Durante su visita a Estados Unidos, el próximo mes de septiembre, el Papa va a santificar a Miguel Josep Serra y Ferrer (Fray Junípero Serra) no por su capacidad de construir bellas misiones, levantar templos, aprender lenguas nativas, enseñar a los nativos de la Sierra Gorda o de la Alta California a sembrar o a tocar el órgano, sino por ser reflejo del amor de Cristo en la alegría de evangelizar.
Es una decisión muy personal de Francisco: “canonizar a aquellos que hicieron una gran labor de evangelización y que recogen el espíritu evangelizador de (su exhortación apostólica) Evangelii Gaudium”. Y, créame, amable lector, esa labor no requiere ni recados celestiales ni comer un bolillo por semana, ni flagelarse con un látigo de siete cuerdas. Es hacer lo de Fray Junípero: ir a dónde nadie nos llamó; incomodar con la contracorriente del Evangelio, dar razones de la fe y –lo más importante—hacer que esa fe que profesamos con los labios se note en el amor de nuestras acciones.

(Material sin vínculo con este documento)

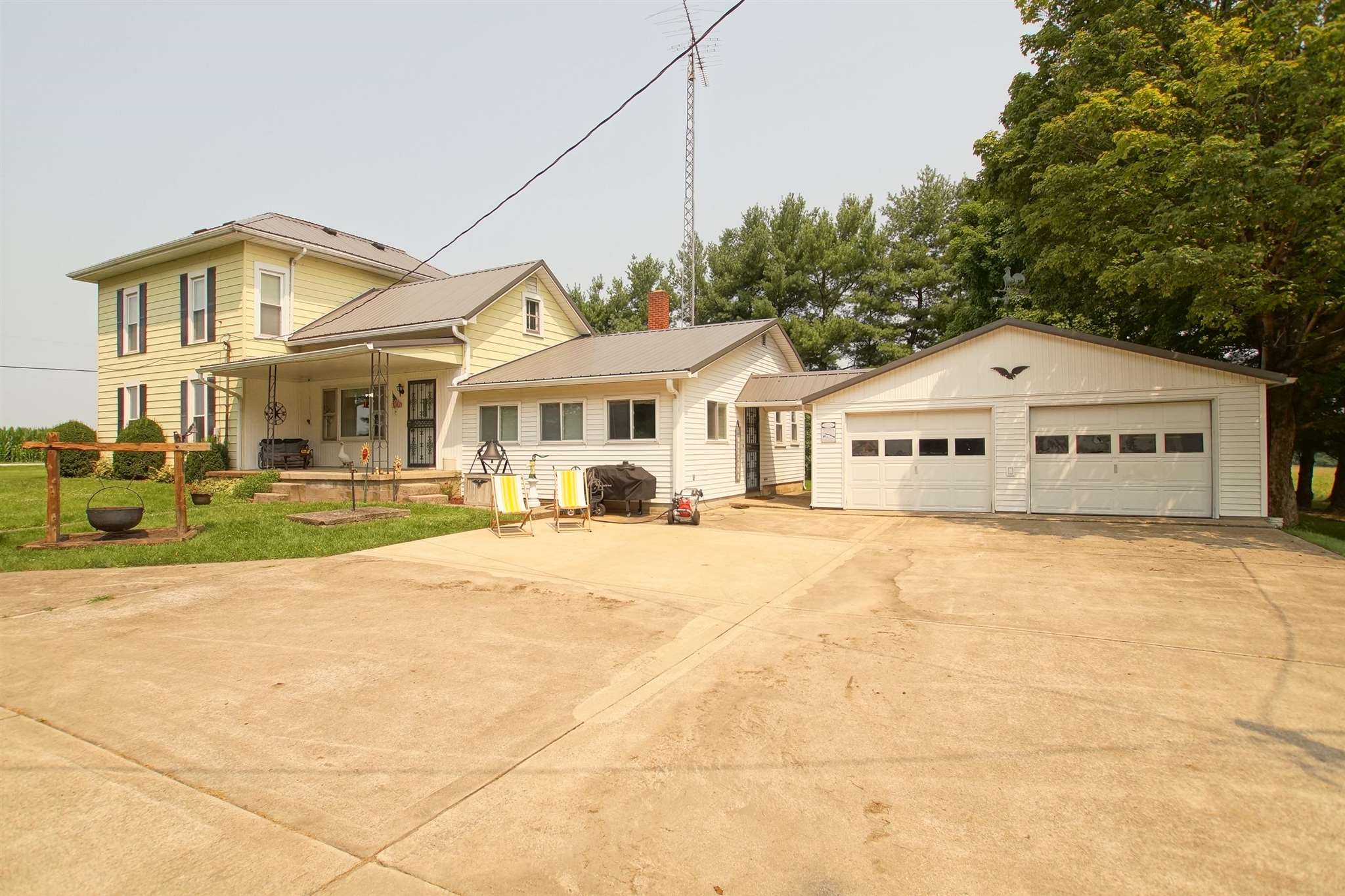 5805 North Meridian Road Peru, IN 46970 - Photo 3 of 11 Gallery Image 3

Amor por el otro, se entiende.
Muchos vaticanólogos echan cábalas sobre la suerte de Francisco en su próximo viaje a Estados Unidos. Se llenan la boca con la palabra “fracaso”. Pobrecillos: ignoran que el Papa no es un rockstar, preocupado pos su popularidad. Es un siervo de los siervos de Dios que enseña que nadie puede evangelizar con cara de funeral ni con olor a vinagrillo.